• [Exercise brief]
Pictures in the listing below are skipped, while the lines from the "メンズ キッズ 217whitening  room所属・217" line through the "Zabieg gingiwektomii laserem." line are returned word for word.

=== Begin Enclosure ===

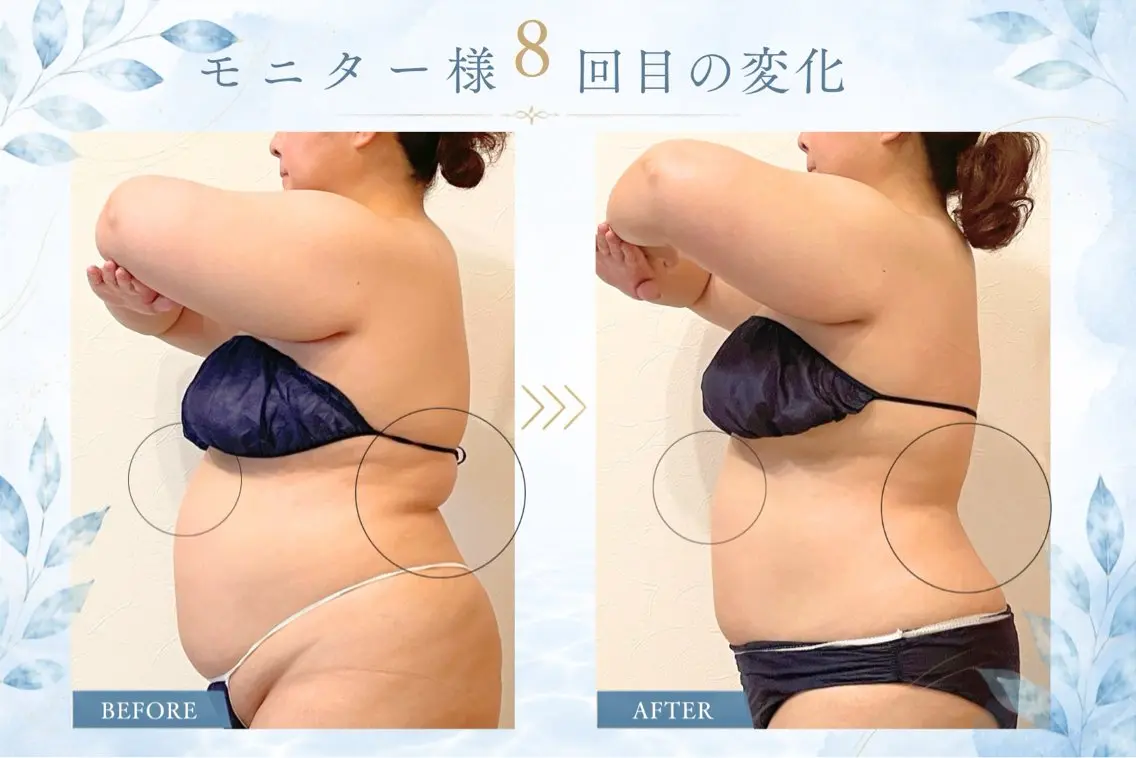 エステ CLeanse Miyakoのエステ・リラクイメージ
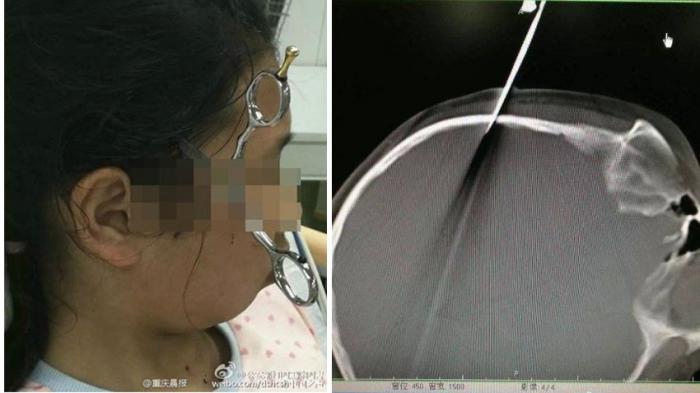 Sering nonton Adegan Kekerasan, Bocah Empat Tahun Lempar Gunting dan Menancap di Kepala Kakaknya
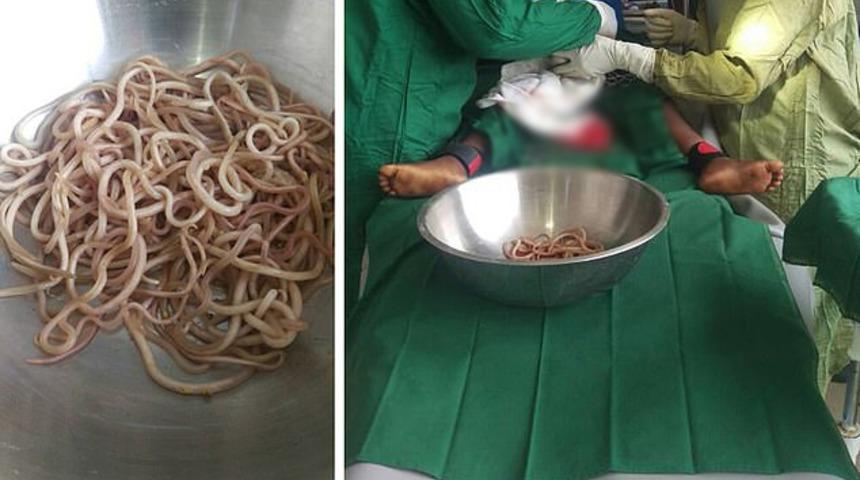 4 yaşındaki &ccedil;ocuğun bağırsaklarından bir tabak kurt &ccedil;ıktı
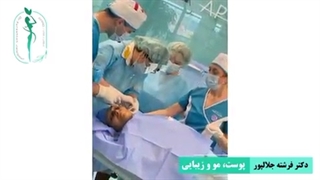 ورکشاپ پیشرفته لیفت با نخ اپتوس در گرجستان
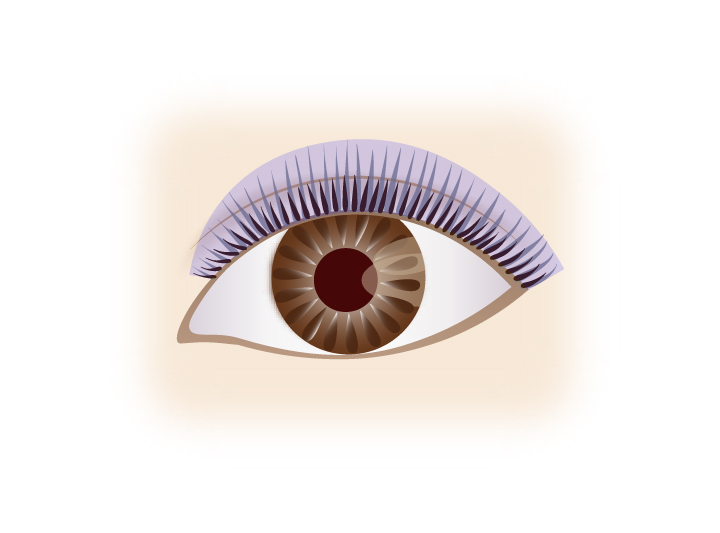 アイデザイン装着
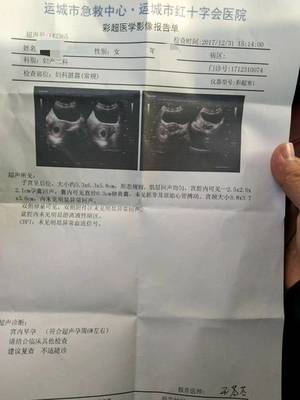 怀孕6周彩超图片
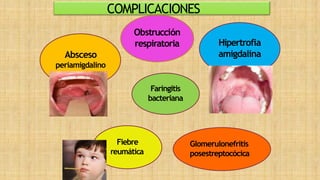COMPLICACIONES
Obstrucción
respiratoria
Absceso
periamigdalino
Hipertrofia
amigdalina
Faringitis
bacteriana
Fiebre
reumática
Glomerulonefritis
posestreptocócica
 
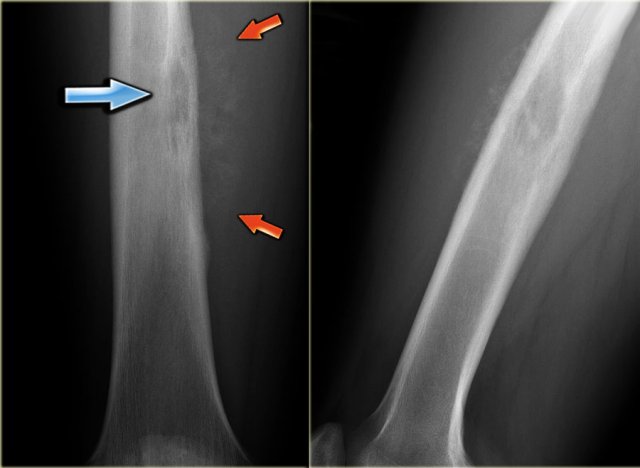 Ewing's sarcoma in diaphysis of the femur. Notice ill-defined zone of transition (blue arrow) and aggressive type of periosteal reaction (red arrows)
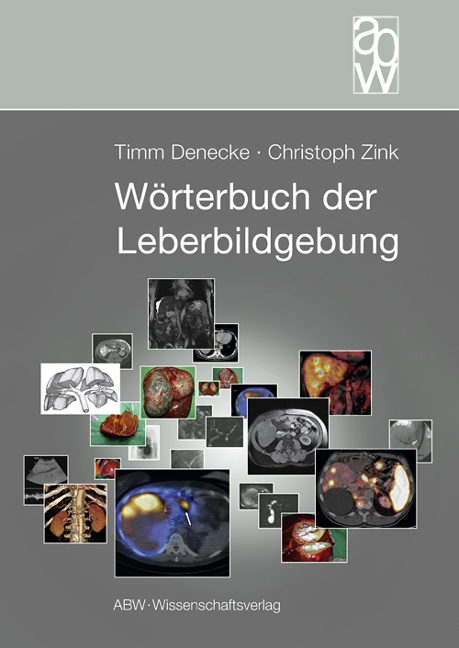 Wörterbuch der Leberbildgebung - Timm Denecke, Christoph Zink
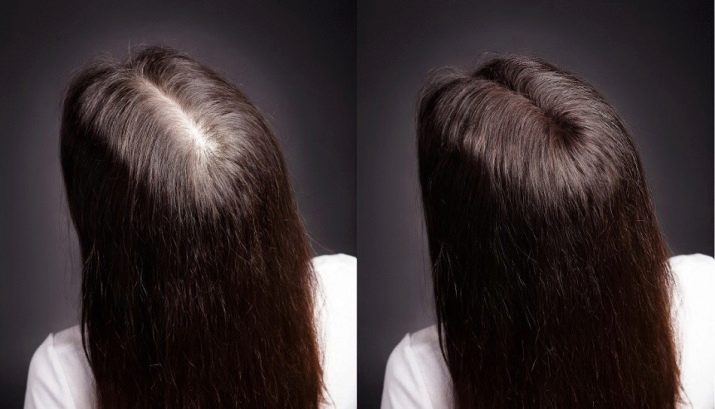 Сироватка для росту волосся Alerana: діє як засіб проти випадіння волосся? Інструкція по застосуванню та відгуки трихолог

=== End Enclosure ===
=== Begin Enclosure ===

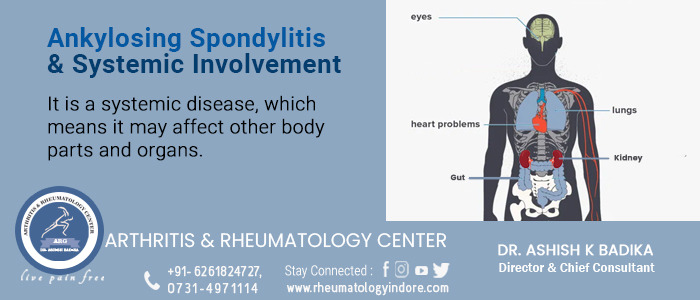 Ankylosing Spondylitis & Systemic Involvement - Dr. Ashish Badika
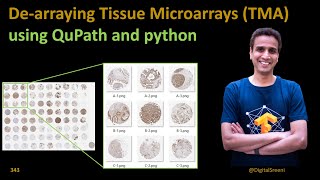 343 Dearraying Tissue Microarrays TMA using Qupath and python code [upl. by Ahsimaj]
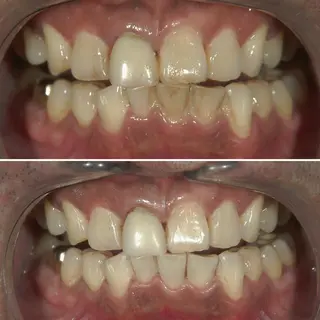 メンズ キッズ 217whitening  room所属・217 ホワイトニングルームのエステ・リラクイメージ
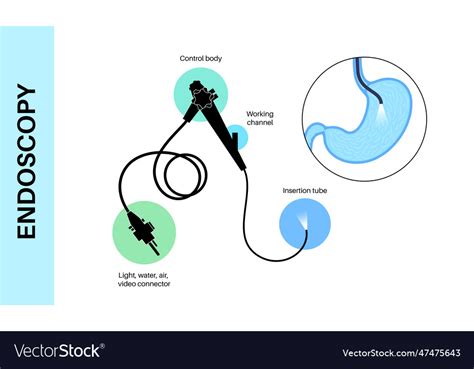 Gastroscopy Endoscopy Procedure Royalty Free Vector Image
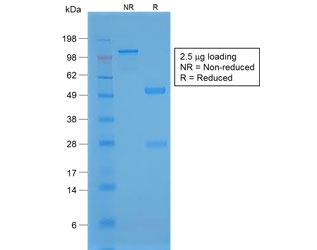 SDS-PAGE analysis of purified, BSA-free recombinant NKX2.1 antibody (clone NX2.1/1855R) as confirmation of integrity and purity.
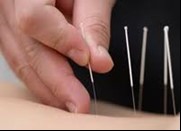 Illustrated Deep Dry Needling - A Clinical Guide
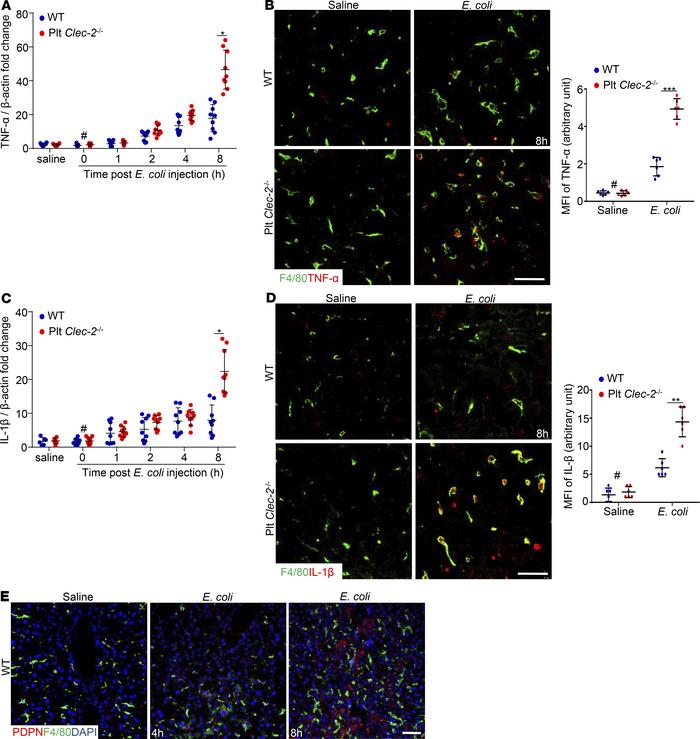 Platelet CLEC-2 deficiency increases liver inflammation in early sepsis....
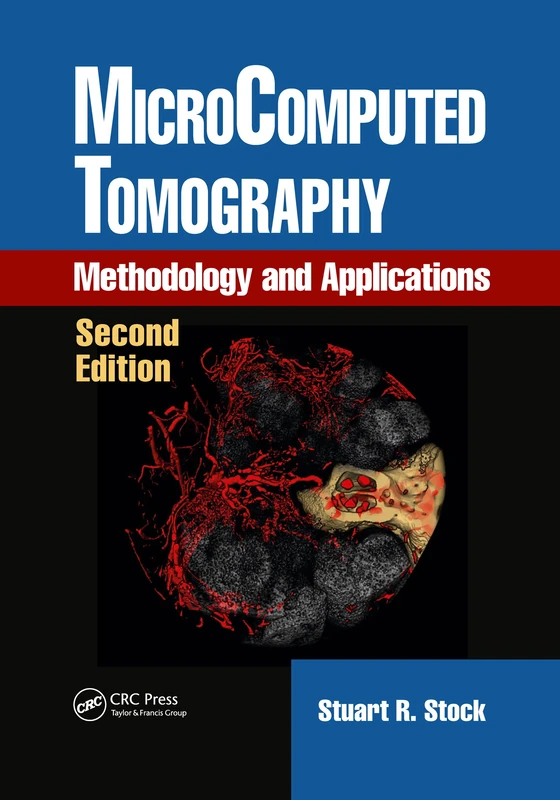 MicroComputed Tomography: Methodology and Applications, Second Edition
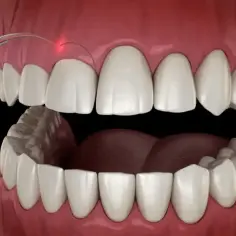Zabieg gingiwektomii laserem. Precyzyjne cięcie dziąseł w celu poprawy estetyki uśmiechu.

=== End Enclosure ===

• [Your response]
 メンズ キッズ 217whitening  room所属・217 ホワイトニングルームのエステ・リラクイメージ
 Gastroscopy Endoscopy Procedure Royalty Free Vector Image
 SDS-PAGE analysis of purified, BSA-free recombinant NKX2.1 antibody (clone NX2.1/1855R) as confirmation of integrity and purity.
 Illustrated Deep Dry Needling - A Clinical Guide
 Platelet CLEC-2 deficiency increases liver inflammation in early sepsis....
 MicroComputed Tomography: Methodology and Applications, Second Edition
Zabieg gingiwektomii laserem. Precyzyjne cięcie dziąseł w celu poprawy estetyki uśmiechu.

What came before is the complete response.